At St Michael’s C of E Primary Academy our English curriculum is focussed on developing a love of reading, writing and discussion. Quality children’s literature is at the heart of all learning and we teach, for pleasure and for information, through a rich and varied selection of texts. We create a culture across the school where children learn skills to enable them to write clearly and accurately for a purpose, adapting their language and style for a range of contexts. They make choices over their writing, considering the impact on the reader.
Children are immersed in vocabulary and ambitious discussion across the curriculum in order that they may use language to communicate with clarity, precision and creativity.
- Pupils are taught reading skills through systematic phonics, focussed guided sessions and class reading activities.
- Teachers model reading daily with a shared class text.
- Pupils are immersed in challenging, rich texts of all genres (fiction and non-fiction – in all its breadth).
- Skills are taught in context in order to give children control and choice over their writing and always with the reader in mind.
- The skills for writing are taught rigorously and with secure subject knowledge.
- Vocabulary is high profile across the curriculum and is taught both explicitly and implicitly.
- Reading areas are engaging and inviting and are high profile in classrooms and across the school as a whole.

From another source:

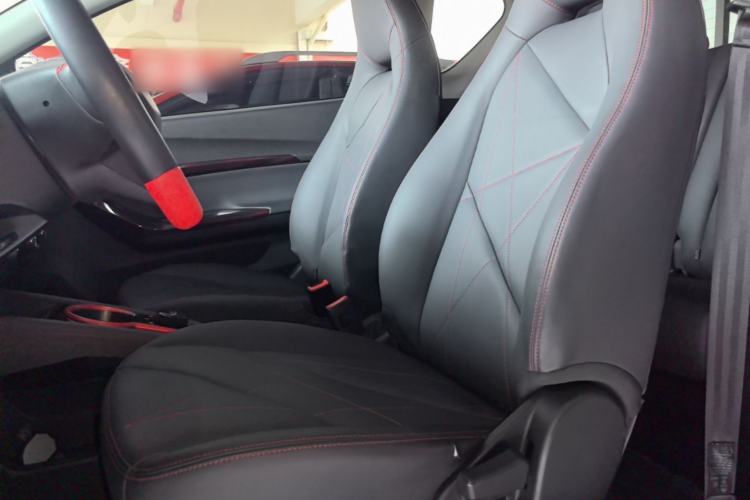 Used Chery QQ Little Ant 2022 Sweet Pink Edition Half-Sugar Version Lithium Iron Phosphate 30 kW 301 km Left Front Seat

- Spelling is taught systematically and consistently before the point of writing (phonics and spelling patterns), at the point of writing (‘have a go’ strategies, use of dictionary skills) and after the point of writing (proofreading).
- Handwriting is explicitly taught and there are clear expectations as children progress through the school.
- High quality talk is high priority across the school and all staff model a correct use of standard English and encourage challenging language use in all contexts.
- The curriculum is purposeful, creative and consistent and children have many opportunities to use the English skills they have been taught.
- Children enjoy reading and discussing challenging texts in classes, groups and independently. They develop a love of reading that stays with them for life.
- Writing is purposeful and with a clear outcome. Children are involved in collaborative discussions in deciding what an effective piece of writing looks like and these ‘effects’ shape the teaching sequence.
- Children have a broad and balanced vocabulary, they speak articulately and are confident to share their ideas and opinions in a range of forums.
- There is a cycle of teach, practise, assess and refine.
- Expectations of all children are high and appropriate support is planned to help all children make at least good progress.
- Staff are confident in selecting texts to best meet the demands of the class and in planning to meet gaps with pace. Texts are also chosen to inspire and engage all children.